E o Manoel poeta, o cara que faz rimas e é hiper-sensível, nasceu quando? Tem um fato que é muito nítido na minha lembrança. Uma vez eu estava sentado na frente de casa, devia ter cinco anos, e eu conversava com o céu. Na minha imaginação eu sinto que as estrelas estavam me respondendo, por mais que agora pareça piração, mas, pra mim, as conversas com as estrelas eram tão nítidas quanto a minha conversa com você agora. E essa não foi uma conversa direcionada por ninguém: via aqueles pontos brilhantes, sentia que ali existia uma linha de comunicação e falava com elas. Eu não estava falando com Deus, eu estava falando com aqueles pontos brilhantes, e eu conseguia sentir alguma resposta. Confesso que até hoje eu não sei se elas falaram de verdade, também não sei o que elas disseram, mas eu sei que essa conversa me acompanha até hoje. E o pior, eu nem sabia quem era Olavo Bilac, né, gente. Mas com certeza eu tinha perdido o senso.

O que você dizia para as estrelas? O contexto que nós vivíamos era um contexto cáustico e eu não me recordo exatamente da mensagem, mas acho que era um diálogo quase confessional. Existiam muitos questionamentos, muitas perguntas. Imagina: você mora numa rua de pouca iluminação pública e quando você tem pouca iluminação o céu estrelado ganha mais estrelas, fica uma cortina de furinhos, e aquela cortina, quase como se fosse um telhado de zinco todo furado, era isso que o céu era para mim. Eu realmente acreditava que aquele cintilado das estrelas era direcionado a mim. Ou seja, eu era arrogante desde criança, achando que as estrelas brilhavam por minha causa.

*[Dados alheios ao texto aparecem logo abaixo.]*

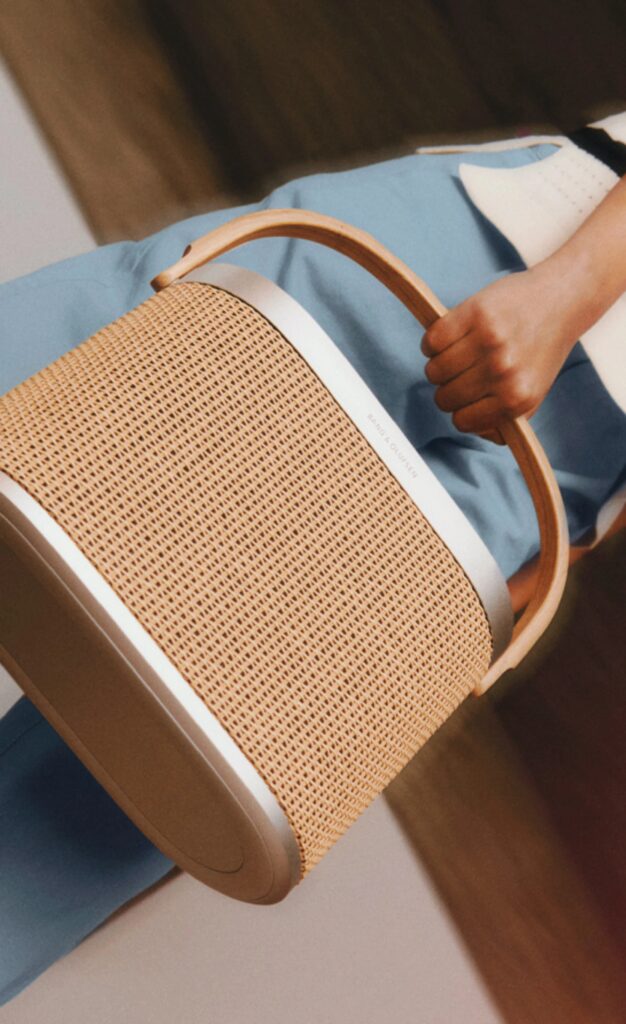 Γιορτάζοντας 100 χρόνια σχεδιασμού: Η Bang & Olufsen παρουσιάζει τρεις ειδικές εκδόσεις για τη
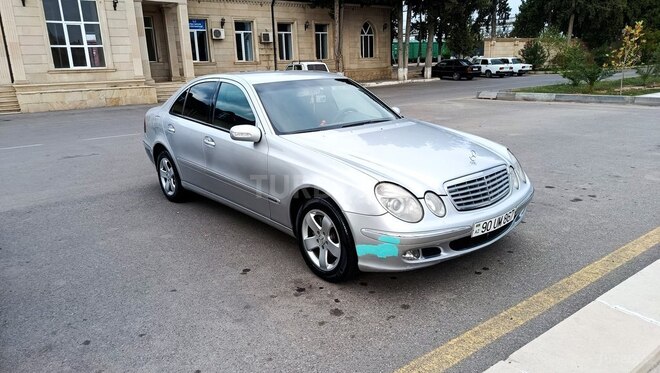 Mercedes E 270 2003, 323,000 km - 2.7 l - İmişli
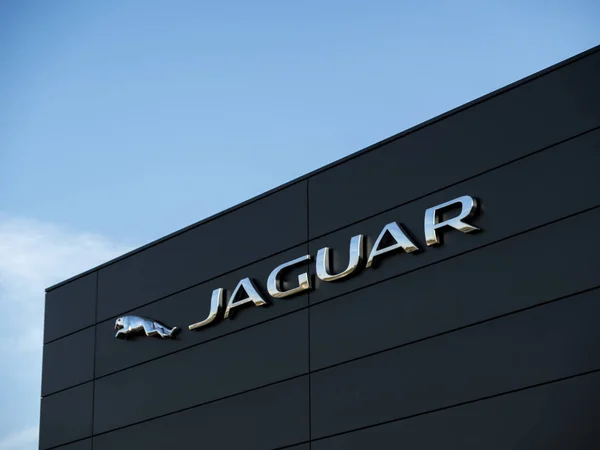 Assine na entrada de uma loja Jaguar — Fotografia de Stock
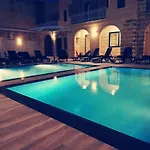 Fiftyfour West Boutique Living 4* 가르브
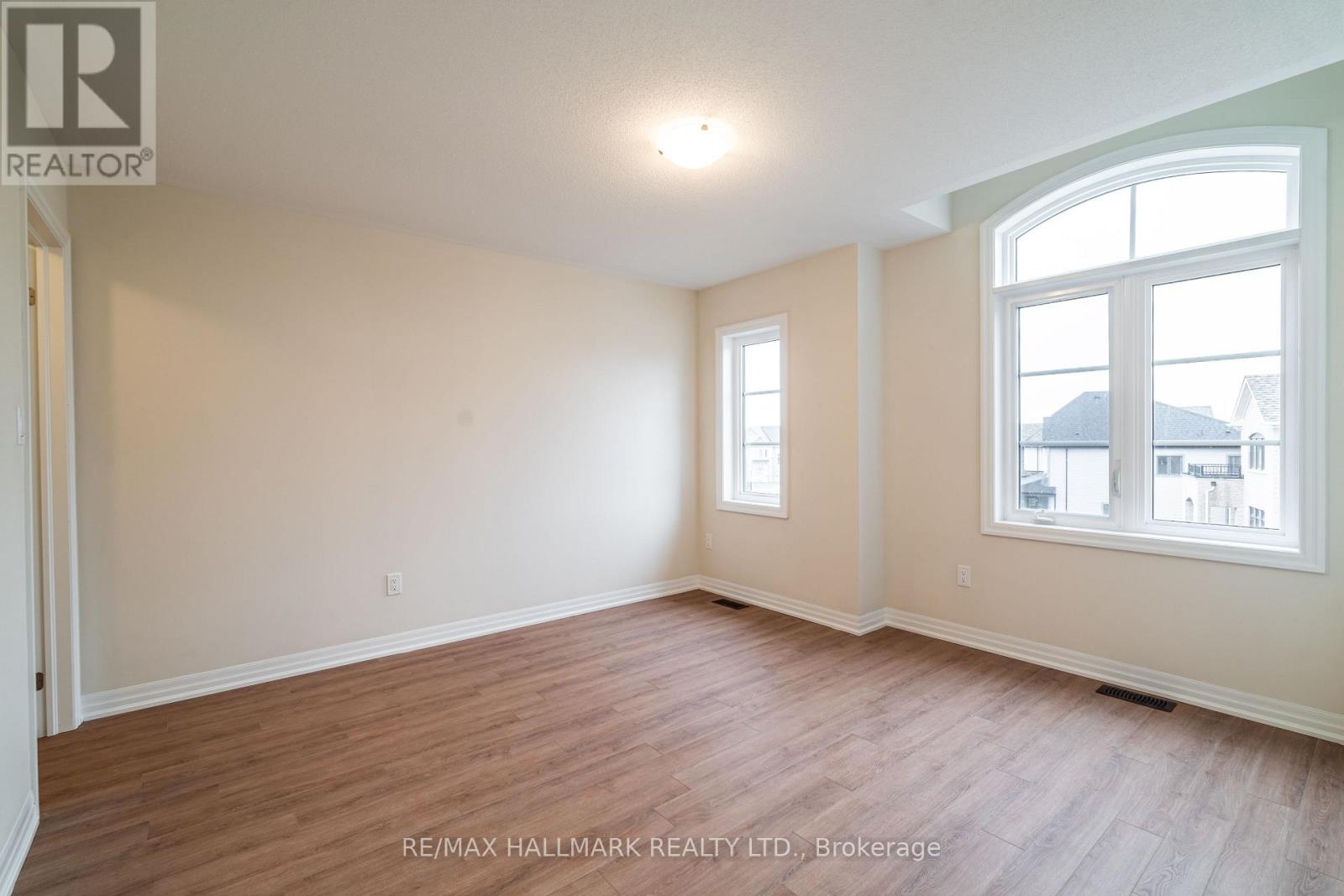 19 Stennett Drive, Georgina, Ontario  L4P 0J4 - Photo 16 - N13084554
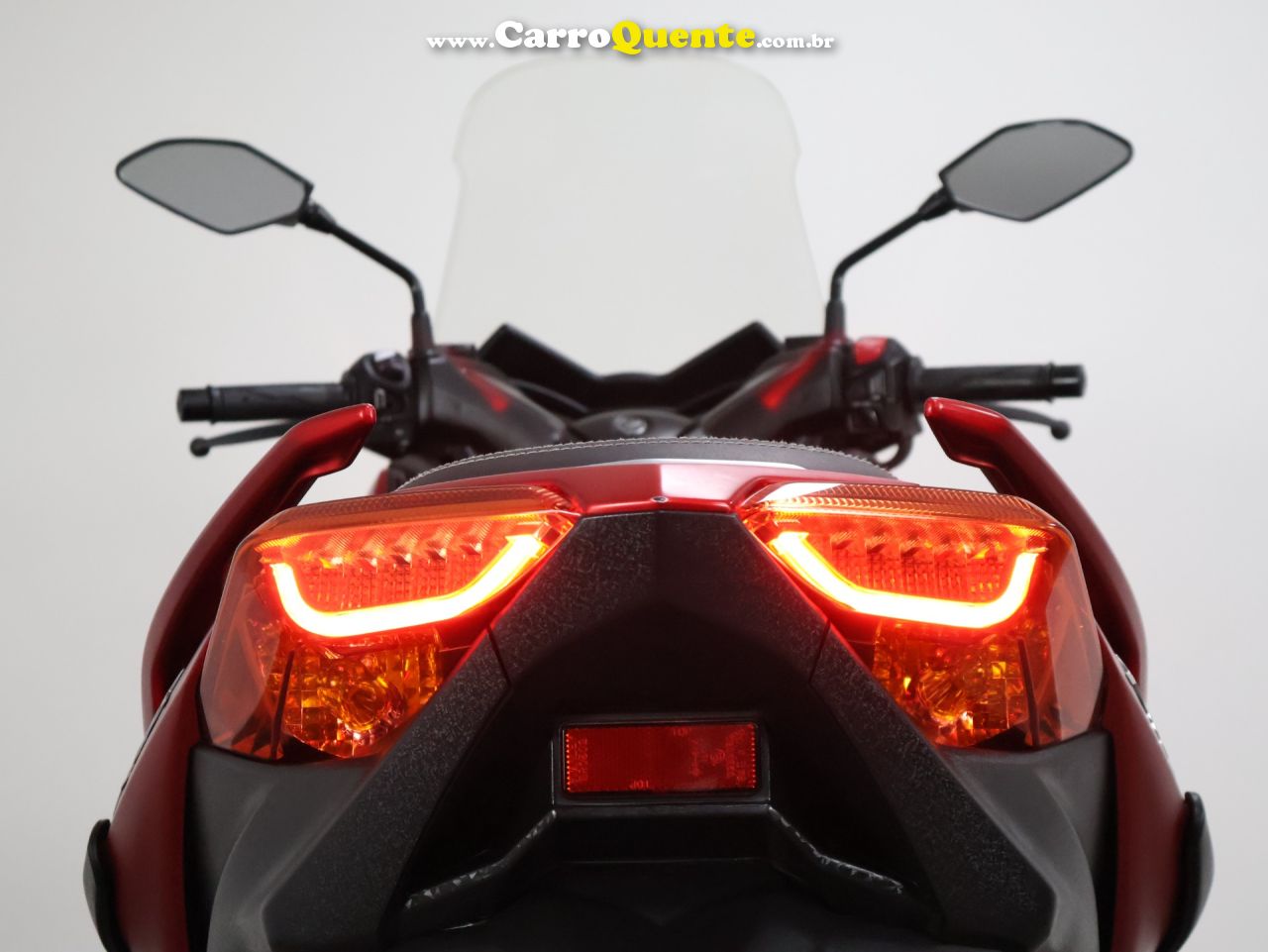 YAMAHA XMAX 250 ABS 2022 - Loja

Agora me conta o que você chama de 'a grande fuga'? Em 1988, o mesmo ano da nossa Constituição, minha mãe tomou a decisão de sair da casa em que nós morávamos e abandonar meu pai, o que era muito difícil porque meu pai tinha uma estrutura de observação de toda a redondeza. Então, como é que uma mulher ia sair com quatro filhos daquele lugar? E era um contexto de violência, um contexto de agressividade em que meu pai praticava machismo agregado a todo um cuidado, o que produzia uma síndrome de Estocolmo na minha mãe. A partir de uma conexão evangélica, minha mãe conseguiu reunir forças para se desconectar disso, mas ela não conseguiu criar uma saída conciliatória, então precisou fugir. 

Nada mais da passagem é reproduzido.